Prime Minister Justin Trudeau has offered an interesting deal for Canadians. In return for agreeing to the construction of the Trans Mountain Expansion (TMEX) pipeline, his government has offered to invest all the profits from the operation of the pipeline into clean energy projects. Is this a deal we should accept?
Even acknowledging the pipeline’s significant negative impacts on indigenous peoples’ livelihoods and marine ecosystems (including adverse effects to the Southern resident killer whale–an endangered species), the Canadian National Energy Board (NEB) after its last review concluded once again that the TMEX is ‘in the public interest’. So if the new pipeline is in the public interest and we get lots of money invested in renewable energy isn’t this a win-win situation?
Not so fast..
The review conducted by the NEB does not take into account the additional greenhouse gas (GHG) emissions that would be generated by the ramped-up production from the oil sands deposits enabled by the increased capacity provided by the new pipeline. In the NEB’s opinion: “it did not consider that there was a necessary connection between the Project and upstream production or downstream use.”

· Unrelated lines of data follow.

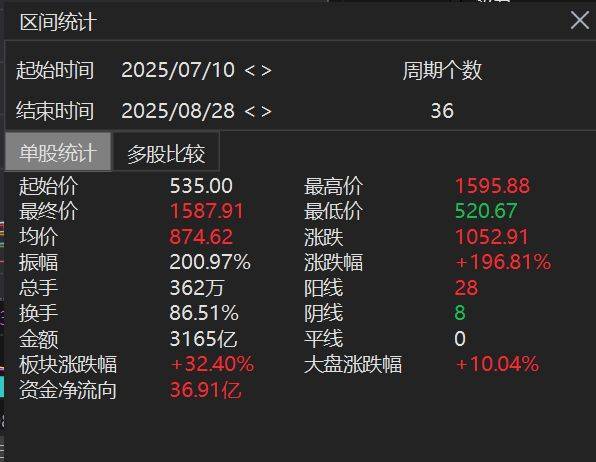 寒武纪超过1500元了,但为何绝大部分投资者觉得赚钱难?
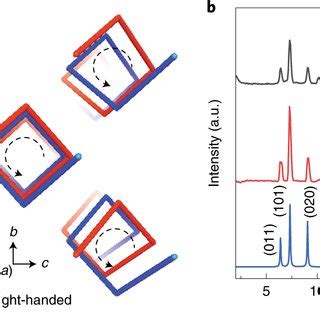 The Helical Covalent Polymer A Synthesis Of The Helical Polymer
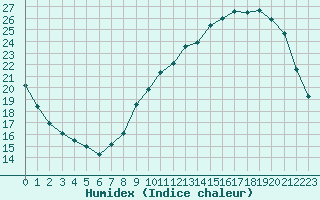 Courbe de l'humidex pour Niort (79)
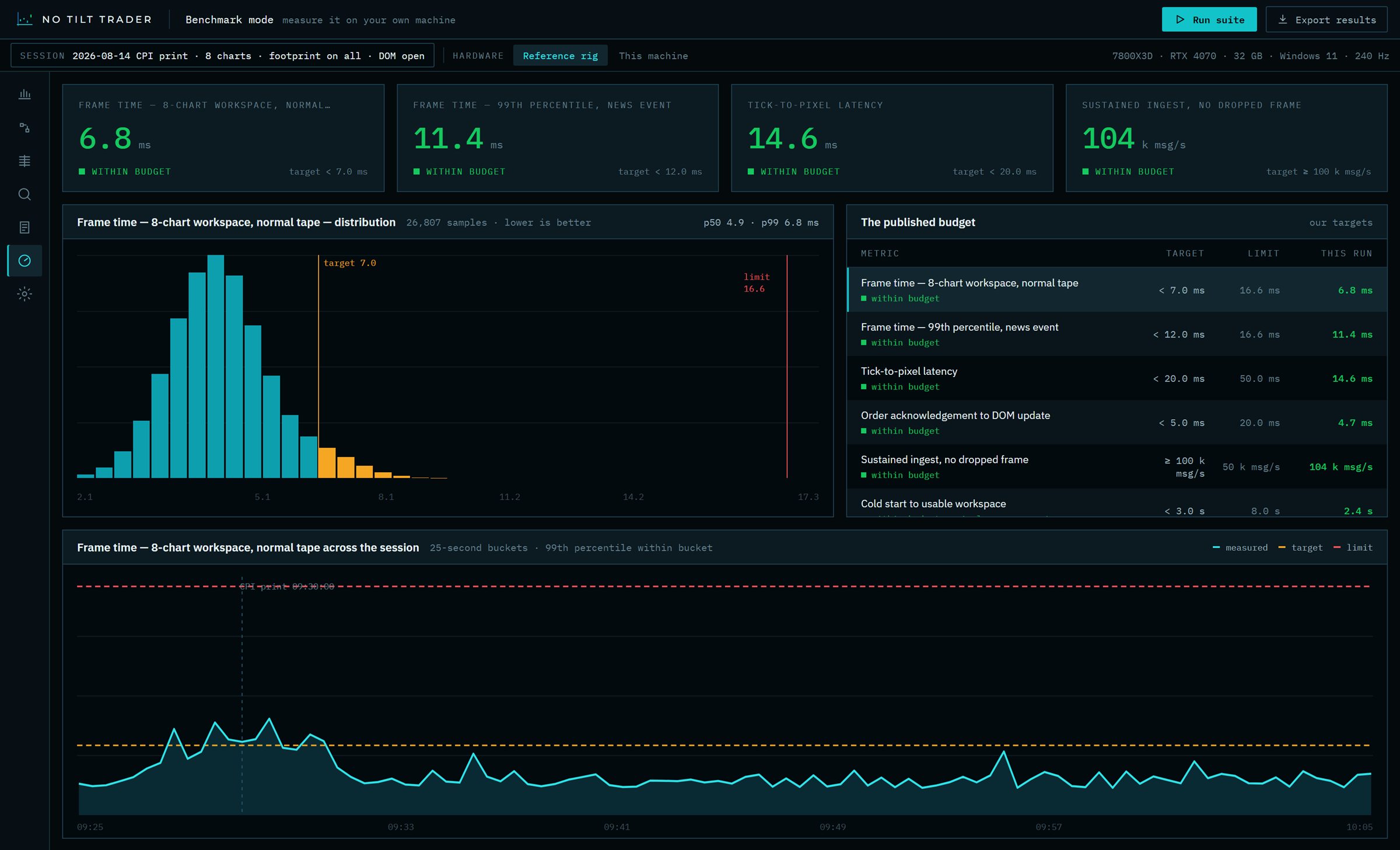 Benchmark mode: frame time, tick-to-screen delay and order confirmation time for a recorded CPI session, each against its target, with a chart of frame time across the session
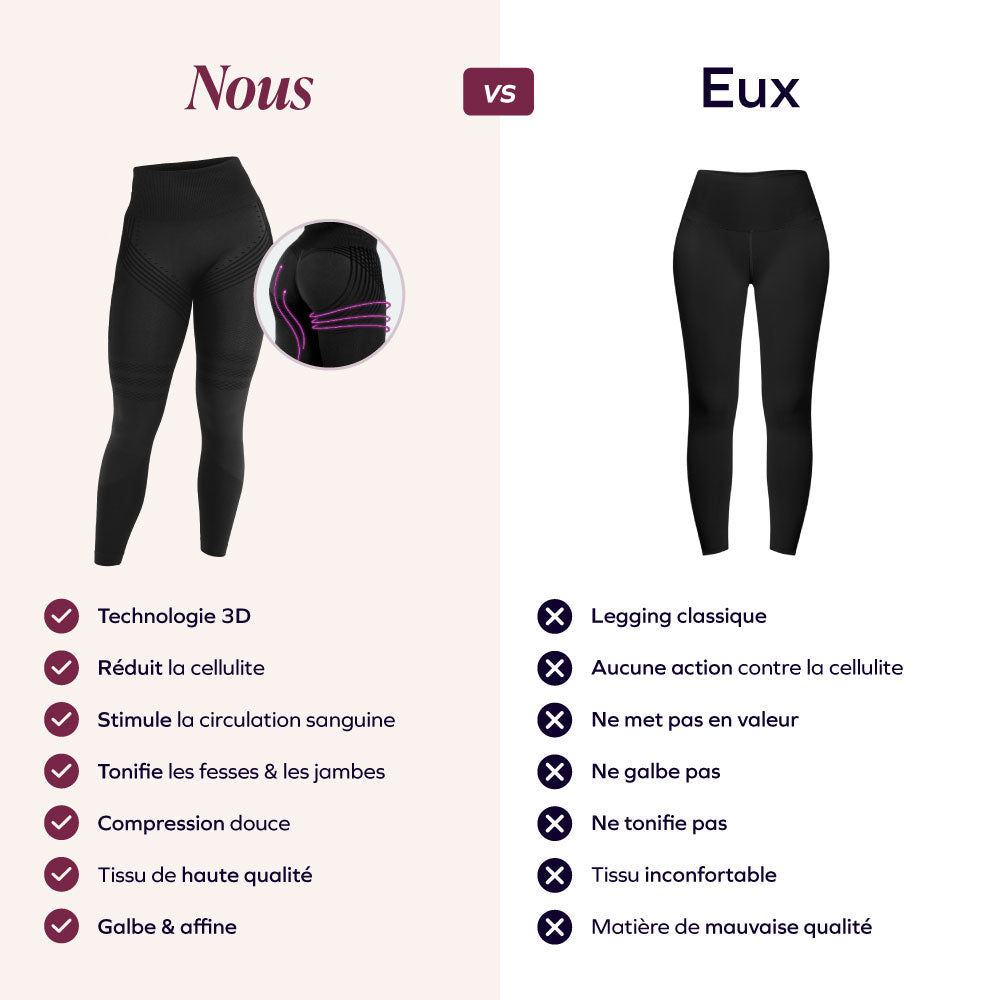 Legging 3D | Marron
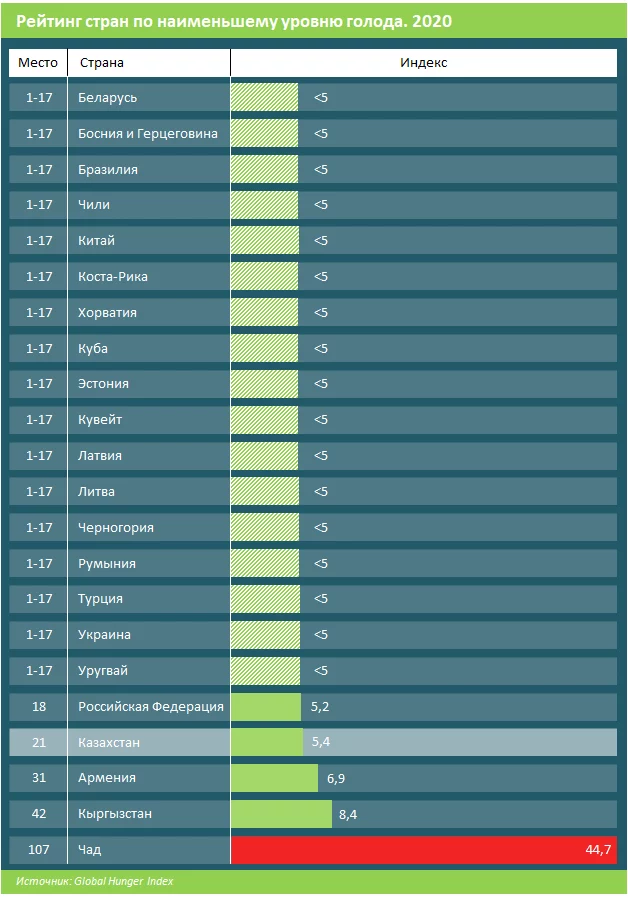 Изображение 3 для Казахстан занял 21 место в рейтинге стран по наименьшему уровню голода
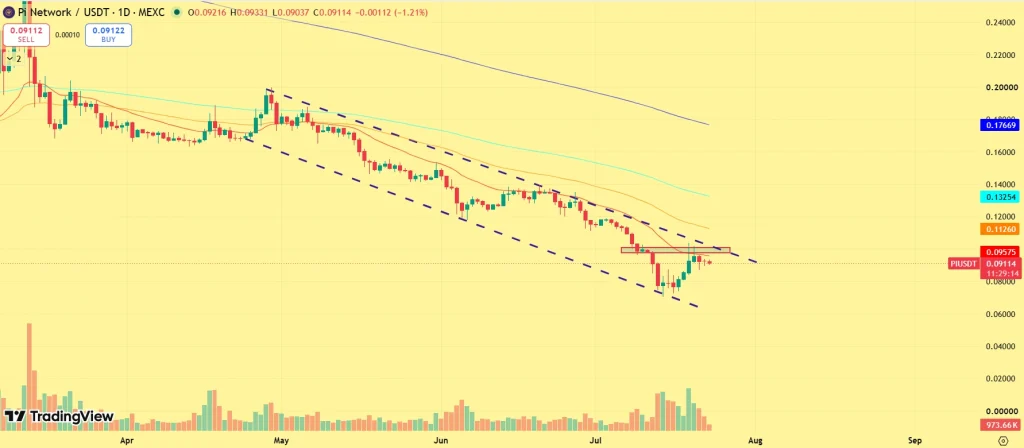 Can Pi Network Price Break Higher After Protocol v25 Upgrade? image 0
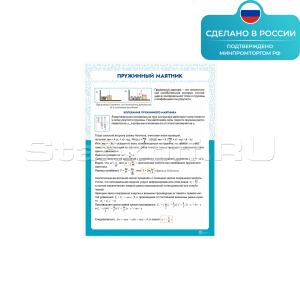 Информационный стенд «Пружинный маятник» ST0104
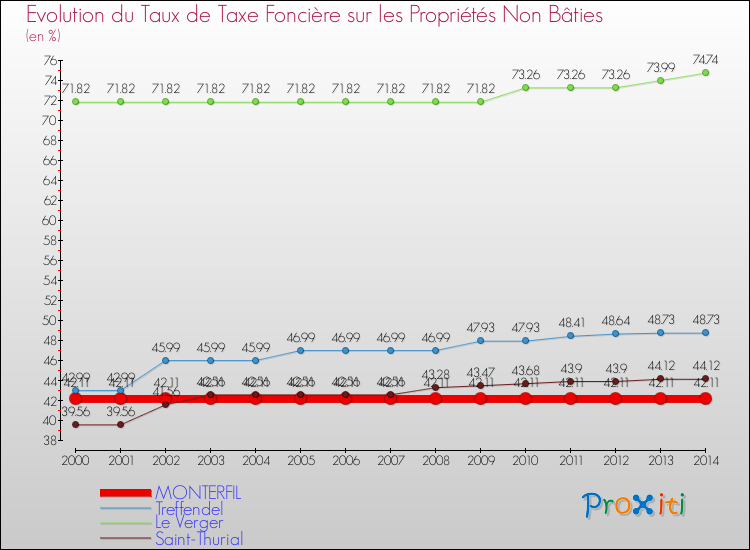 Evolution du taux de la taxe foncière sur les immeubles et terrains non batis pour MONTERFIL et les communes proches de 2000 à 2014 Comparaison des taux de la taxe foncière sur les immeubles et terrains non batis pour MONTERFIL et les communes voisines de 2000 à 2014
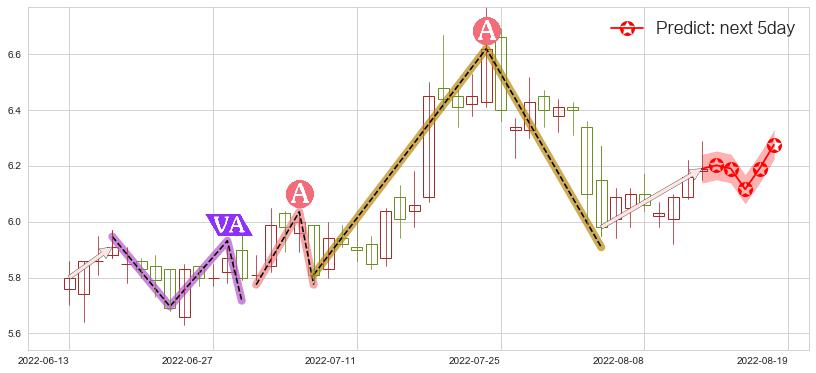 预测清新环境(sz002573)价格K线图-阿布量化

This is an extraordinary and astonishing statement. The additional pipeline capacity will result in a significant rise in oil sands production and increase west coast tanker traffic from 5 to 34 vessels a month. How are these direct effects not considered to be a “connection” to the Project?
The TMEX pipeline will substantially increase Canada’s greenhouse gas emissions at a time when the Liberal government has declared a climate emergency and is nowhere near on track to meeting its emission targets under the 2015 Paris Agreement.